----- RECORDS SHOWN -----

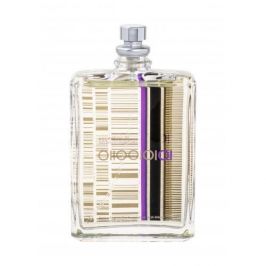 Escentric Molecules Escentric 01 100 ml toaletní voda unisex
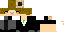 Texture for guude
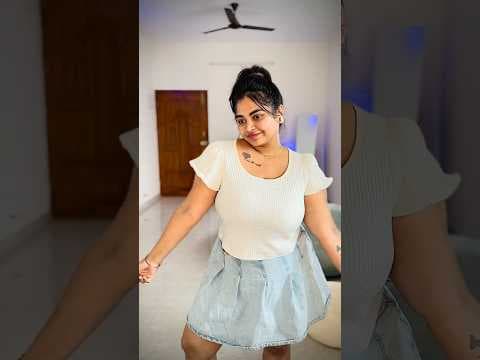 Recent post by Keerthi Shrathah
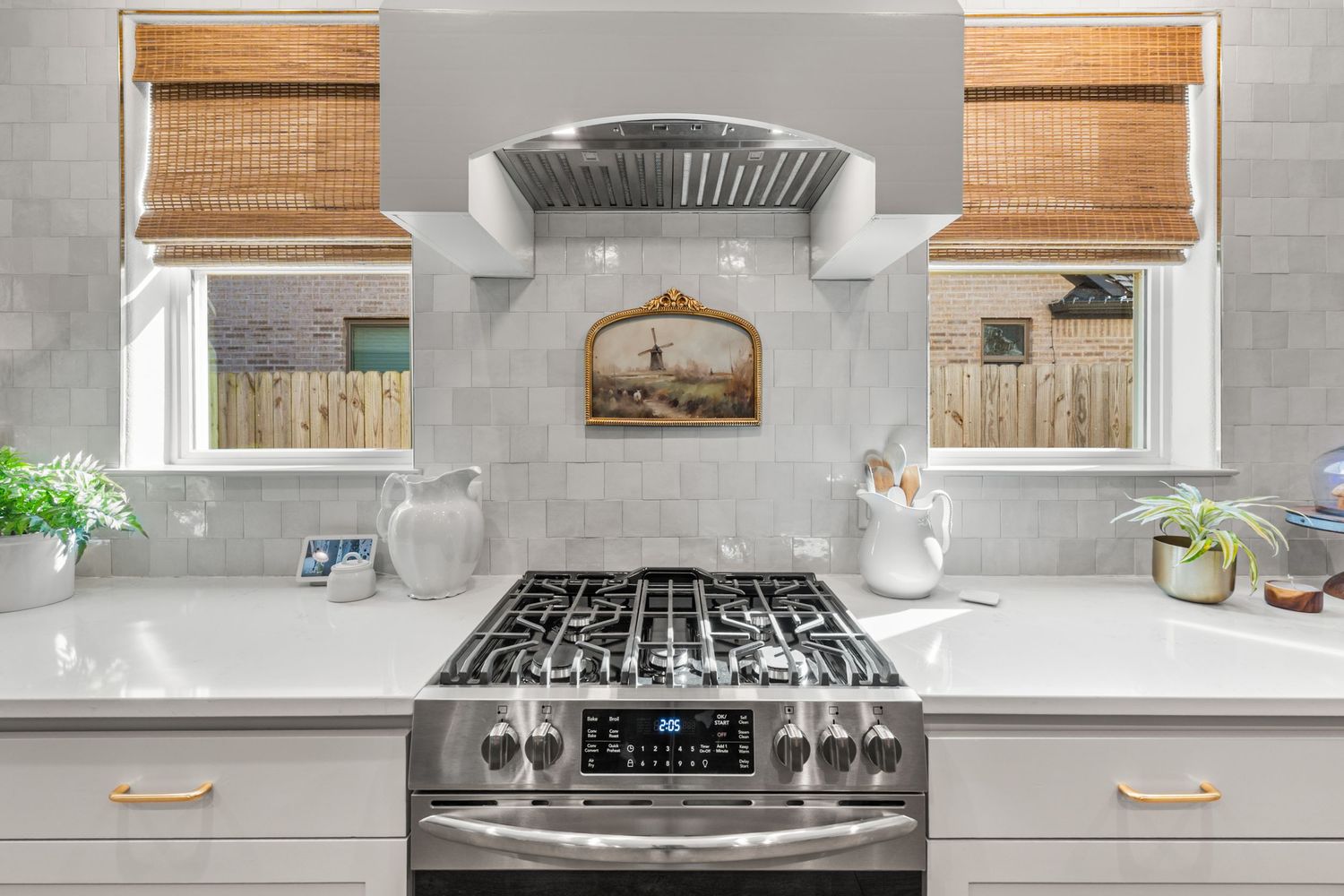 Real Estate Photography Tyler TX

-----
----- RECORDS SHOWN -----

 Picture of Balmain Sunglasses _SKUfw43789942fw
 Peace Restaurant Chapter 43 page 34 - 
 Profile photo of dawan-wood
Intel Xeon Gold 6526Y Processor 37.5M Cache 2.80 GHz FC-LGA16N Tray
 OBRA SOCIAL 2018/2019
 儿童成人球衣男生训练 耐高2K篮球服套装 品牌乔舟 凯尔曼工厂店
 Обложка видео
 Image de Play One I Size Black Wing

-----

WORK INSTRUCTIONS: Look above for the line containing "Обложка видео" and the line containing "Image de Play One I Size Black Wing". Transcribe both, with the lines between them, exactly.

TASK ANSWER:
 Обложка видео
 Image de Play One I Size Black Wing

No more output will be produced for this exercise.